Ironically, the first hint came from the humble “iostat” I criticised earlier. It showed me that one particular device was very busy – up to 90% load – and that the average wait time was longer than I’d have liked. It was a real surprise that we were soaking up all of the 2Gb/sec bandwidth of fibre channel and the RAID. Without dtrace, we’d now have been pretty much on our own, down to pure guesswork. We needed to balance up the I/O load between the controllers in the RAID unit, but how were we going to do that? And could we really be sure what was causing it?

This is where dtrace really came into its own. The first thing I tried was using “rfileio” from the dtrace toolkit to find out the identity of the really busy files, which told me that a particular type of table in the databases was getting hit a lot, but what sort of traffic was it being hit by? Entering a script from the MySQL dtrace toolkit (available from www.pcpro.co.uk/links/163open) let me monitor a particular call in the MySQL database server (using the process provider mentioned above) and therefore told me what SQL queries the database was running – and it was running a lot of them. A pattern soon emerged in which I could see that there was a particular case where two queries were being run where one would have done, and it also exposed a logic problem.

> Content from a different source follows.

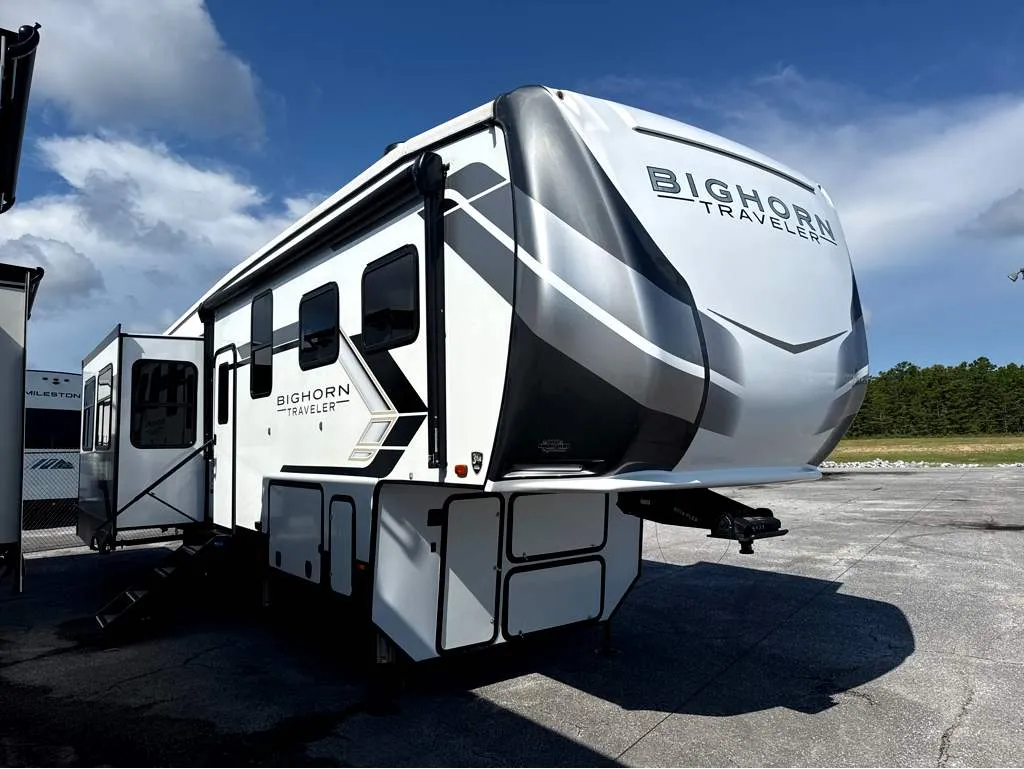 2024 Heartland Bighorn Traveler 32RS - Photo 2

The case of these two queries – which could be replaced with one – was no fault of the developer. What was happening was that a query was made to fetch one column from a table and then – very soon after – another column from the same table. I could see both these queries executing next to each other, which enabled me to merge them, a technique rather like peephole optimisation in compilers where redundant statements can be removed. Doing this work allowed me to completely transform the instantaneous performance of the application (how it performs normally) in addition to its performance under heavy load. One particular operation that routinely took more than a second is now performing consistently below 0.4 seconds, or roughly three times faster. It’s also shown me some weaknesses in an application that will let me improve it.